Haftalardır AKP iktidarı "pakette herkesi tatmin edecek konular var" yalanıyla milletin gözünün içine baka baka yalan söyledi. Bizse 11 yılı bulan AKP iktidarı döneminde PKK'ya verilen tavizler ve teslimiyetten başka birşey olmadığı için demokratikleşme paketi olarak adlandırılan zırvanın yine bu anlamdan öteye geçemeyeceğini belirtmiştik.

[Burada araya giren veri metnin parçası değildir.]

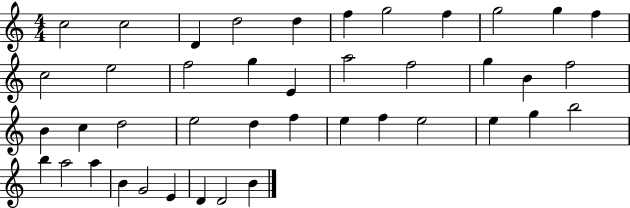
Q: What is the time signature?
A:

Pazartesi günü Başbakan Erdoğan tarafından açıklanan paketle ilgili Türk Milliyetçileri olarak MHP Lideri Devlet Bahçeli'nin de dediği gibi daha önce bulunduğumuz tespitlerimizde yanılmadık.

Bir noktaya işaret buyurmanızı istiyorum, demokratikleşme paketi adı altında sunulan konuların PKK, BDP ve terörist başının talepleri dışında başka kimseye hizmet eder bir yanı yoktur. Bugün bunu belgeleriyle beraber sizlere açıklamak istiyorum.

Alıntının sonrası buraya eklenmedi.